═════ Records provided ═════
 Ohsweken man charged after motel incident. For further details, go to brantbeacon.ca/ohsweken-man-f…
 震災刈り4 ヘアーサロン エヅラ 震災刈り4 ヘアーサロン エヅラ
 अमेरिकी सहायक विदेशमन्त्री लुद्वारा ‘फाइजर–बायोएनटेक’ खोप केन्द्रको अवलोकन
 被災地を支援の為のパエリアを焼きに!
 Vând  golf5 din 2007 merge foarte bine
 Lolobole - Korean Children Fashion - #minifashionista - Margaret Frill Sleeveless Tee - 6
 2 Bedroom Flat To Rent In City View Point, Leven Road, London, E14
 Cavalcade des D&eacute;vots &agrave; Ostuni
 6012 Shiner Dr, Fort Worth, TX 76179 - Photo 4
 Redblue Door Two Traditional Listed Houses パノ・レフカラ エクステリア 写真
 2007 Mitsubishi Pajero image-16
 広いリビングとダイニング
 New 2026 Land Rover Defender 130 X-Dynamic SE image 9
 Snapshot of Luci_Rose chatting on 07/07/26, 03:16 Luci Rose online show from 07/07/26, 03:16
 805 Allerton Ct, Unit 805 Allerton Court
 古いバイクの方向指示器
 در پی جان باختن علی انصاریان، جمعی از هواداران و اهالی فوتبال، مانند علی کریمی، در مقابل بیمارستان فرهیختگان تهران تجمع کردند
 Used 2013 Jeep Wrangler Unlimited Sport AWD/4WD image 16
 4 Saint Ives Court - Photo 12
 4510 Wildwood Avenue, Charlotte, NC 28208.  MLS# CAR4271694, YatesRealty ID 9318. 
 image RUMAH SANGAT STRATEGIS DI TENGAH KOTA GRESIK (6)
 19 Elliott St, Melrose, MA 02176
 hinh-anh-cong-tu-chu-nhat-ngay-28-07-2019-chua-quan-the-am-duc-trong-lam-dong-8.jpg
═════
[Task to complete] The full listing above should be restated word for word.

[Result of the task]
 Ohsweken man charged after motel incident. For further details, go to brantbeacon.ca/ohsweken-man-f…
 震災刈り4 ヘアーサロン エヅラ 震災刈り4 ヘアーサロン エヅラ
 अमेरिकी सहायक विदेशमन्त्री लुद्वारा ‘फाइजर–बायोएनटेक’ खोप केन्द्रको अवलोकन
 被災地を支援の為のパエリアを焼きに!
 Vând  golf5 din 2007 merge foarte bine
 Lolobole - Korean Children Fashion - #minifashionista - Margaret Frill Sleeveless Tee - 6
 2 Bedroom Flat To Rent In City View Point, Leven Road, London, E14
 Cavalcade des D&eacute;vots &agrave; Ostuni
 6012 Shiner Dr, Fort Worth, TX 76179 - Photo 4
 Redblue Door Two Traditional Listed Houses パノ・レフカラ エクステリア 写真
 2007 Mitsubishi Pajero image-16
 広いリビングとダイニング
 New 2026 Land Rover Defender 130 X-Dynamic SE image 9
 Snapshot of Luci_Rose chatting on 07/07/26, 03:16 Luci Rose online show from 07/07/26, 03:16
 805 Allerton Ct, Unit 805 Allerton Court
 古いバイクの方向指示器
 در پی جان باختن علی انصاریان، جمعی از هواداران و اهالی فوتبال، مانند علی کریمی، در مقابل بیمارستان فرهیختگان تهران تجمع کردند
 Used 2013 Jeep Wrangler Unlimited Sport AWD/4WD image 16
 4 Saint Ives Court - Photo 12
 4510 Wildwood Avenue, Charlotte, NC 28208.  MLS# CAR4271694, YatesRealty ID 9318. 
 image RUMAH SANGAT STRATEGIS DI TENGAH KOTA GRESIK (6)
 19 Elliott St, Melrose, MA 02176
 hinh-anh-cong-tu-chu-nhat-ngay-28-07-2019-chua-quan-the-am-duc-trong-lam-dong-8.jpg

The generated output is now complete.